Vibrant & fresh with a hint of spice & stalk, juicy acid marries a supple texture, delicious, fresh red fruits and a hint of musk.
2016 Daniel Bouland Morgon 'Corcelette'
This particular wine is the first of the Bouland cuvées focusing on Corcelette’s pure, sandy, granitic soils, which gives wines of great perfume and finer, rounder tannins than those of Corcelette’s schist influenced terroirs. Although the name does not say so, this is truly a Vieilles Vignes cuvée. It has always been a 50-60 year old vineyard that has supplied the bulk of the fruit, as it is for this wine, and there are now two additional parcels of 80-year old bush vines. Partly aged in tank and partly in 2,000 litre foudre, it’s a really pretty version of the wine in 2016 with bright redcurrant, grenadine and lavender notes. Only medium-bodied it is perfectly balanced with a vibrant, lingering and perfumed close. It will age for a few years, no problem, but it is hard to justify waiting – it’s drinking so well now!
Shifting to the Cru of Morgon, the masculinity, earthiness & fuller bodied nature of the Terroir shines through.
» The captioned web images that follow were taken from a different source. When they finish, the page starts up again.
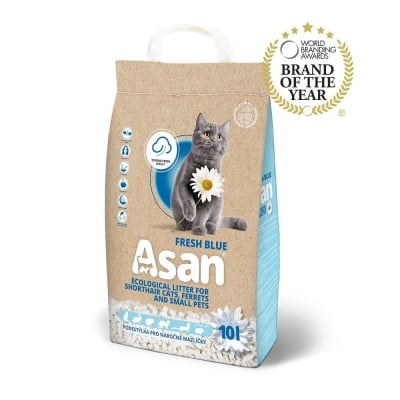 Asan, Целулозна тоалетна за късокосмести котки , 10л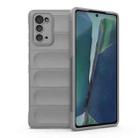 For Samsung Galaxy Note20 Magic Shield TPU + Flannel Phone Case(Grey) - 1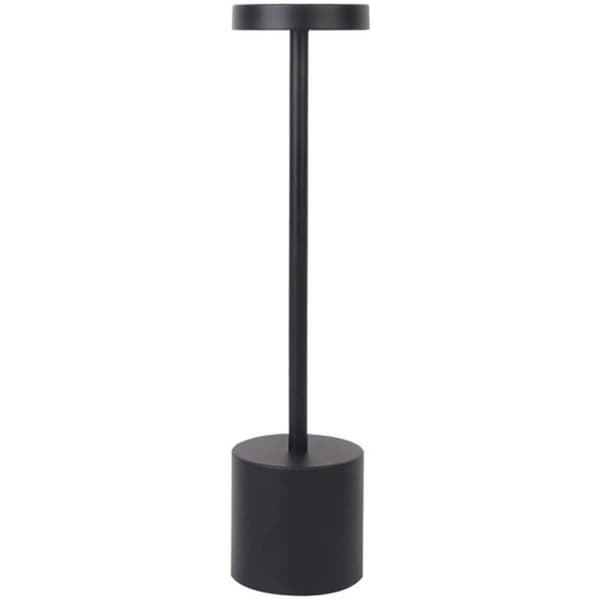 1800mAh USB Genopladelig Trådløs Bordlampe, 3-farvet Touch LED, Sort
An extra layer of complexity shines through on the nose. There's a lovely core of fruit that lingers, those hints of spice and stalk adding an extra dimmension.
2016 Daniel Bouland Morgon 'Delys Vieilles Vignes'
This wine used to come to us simply as ‘Morgon Vieilles Vignes’, but did not carry the name of the vineyard or lieu-dit. It now does. As always, this is Bouland’s most structured and age worthy wine and it comes from a single hectare of 90 year old vines located on the Morgon-Chiroubles border, at the end of the Corcelette valley. Planted in 1926 on a south-east facing slope at 10,000 vines per hectare by Bouland’s grandfather, this incredibly steep terroir was historically known as Delys, though on the map it is now listed as Bois de Lys. With a bit of squinting you can see the hill from the Bouland homestead. The soils here are very poor, pure granitic sand. The 2016 has a darker, more structured profile as always but it is certainly a much more approachable version of this wine. In fact it is a very good drink today – especially from a decanter and with some barbequed meats. Expect lovely dark cherry, blackcurrant and bramble notes shot through with smoky, pitchstone-like minerality that will progressively become meaty with age. Like all the Bouland wines there is wonderful purity, precision and clarity that is rare in Beaujolais (well it’s rare anywhere truth be known). It will be lovely in five years and should live a lot longer but again, it’s superb drinking now.
With same earthy Morgon hallmarks as the 'Corcelette', the 'Delys' shows plenty of interest. It falls short on weight compared to the 'Corcelette' which I personally favour.